So, the fact I don’t take photos is a personal choice, and stems from a lot more than a hubristic faith in the strength of my synapses.
Taking photos gives you something to share with the world, whether through snapchat/facebook/instagram or through a good old-fashioned pack of childhood holiday snaps. A photo lets you include someone, lets them see what you see, lets them share in your experience.
Taking photos gives you a memento to remember something by. It’s a souvenir of an experience. A photo of your new hostel friends or of this amazing streetfood stall you ate at or of that waterfall you chanced across hiking in the arse end of nowhere. That photo captures a moment, reifies the experience as something worth remembering.
Taking photos gives you a means to be creative and express yourself. Humans are visual animals with a beautifully evolved camera and photographer we call the eye and brain. A photo, then, is a way of being selective, being appreciative, being artistic, a way of putting your own stamp and personality onto an experience.
I hate looking at other people’s photos. While I love reading travel writing, I find looking through other people’s holiday snaps on facebook or in the flesh tiresome. I find many (but not all) visuals-heavy travel blogs to be fleeting and insubstantial. I don’t care about seeing a substandard pic of an experience when I could wait til one day to hopefully experience it myself. So I struggle to understand why anyone would want to see my photos were I to take lots of them!
I hate that taking photos can make you see the world through a lens. You end up focussing more on the photo than the moment. You’re not experiencing the world for yourself. You’re experiencing it for those back home, the people who’ll see your pics on facebook and instagram. You risk treating photos like the proof you’ve done these things, as evidence not experiences. When I woke up early one morning to watch the hot air balloons rise above the skies in Cappadocia, Turkey, I was depressed to see everyone wandering around with cameras and selfie sticks, soaking up the experience through their screens.

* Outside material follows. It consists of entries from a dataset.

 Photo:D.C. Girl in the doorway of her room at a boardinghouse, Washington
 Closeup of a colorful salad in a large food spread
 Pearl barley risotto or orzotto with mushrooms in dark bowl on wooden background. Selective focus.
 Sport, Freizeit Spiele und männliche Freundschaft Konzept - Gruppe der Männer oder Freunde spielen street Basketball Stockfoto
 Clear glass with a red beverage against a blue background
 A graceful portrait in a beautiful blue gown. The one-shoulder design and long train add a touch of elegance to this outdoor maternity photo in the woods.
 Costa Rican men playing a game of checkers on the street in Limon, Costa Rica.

I hate that the easy availability of amazing photography online has made the world seem unsurprising, unbeautiful by comparison. Think of the increasingly elaborate BBC Nature documentaries, which make seeing an animal in the wild but a shadow of the excitement and elegance of iPlayer. And the awe-inspiring travel photos found on Instagram that make your own photos look shite in comparison. Because, for most of us, we can only ever dream of capturing a pale imitation of the people, the place, photos that will forever be unsatisfactory.
But life, like photography, is rarely black and white. I spend much of my working day looking down a microscope. The point of microscopy is to look deeper into things. This is what photos can do – they can uncover the beauty In the mundane, pick out the truth among confusion, they can expose the good and the bad, they can change the world. Think of the infamous photo of the emaciated Fikret Alić taken in 1992 by journalist Ed Vulliamy at the Trnopolje concentration camp in Bosnia, which exposed to the world the atrocities committed by the Serbs against Muslims and Croats during the Bosnian. This single photo said more than ten thousand articles.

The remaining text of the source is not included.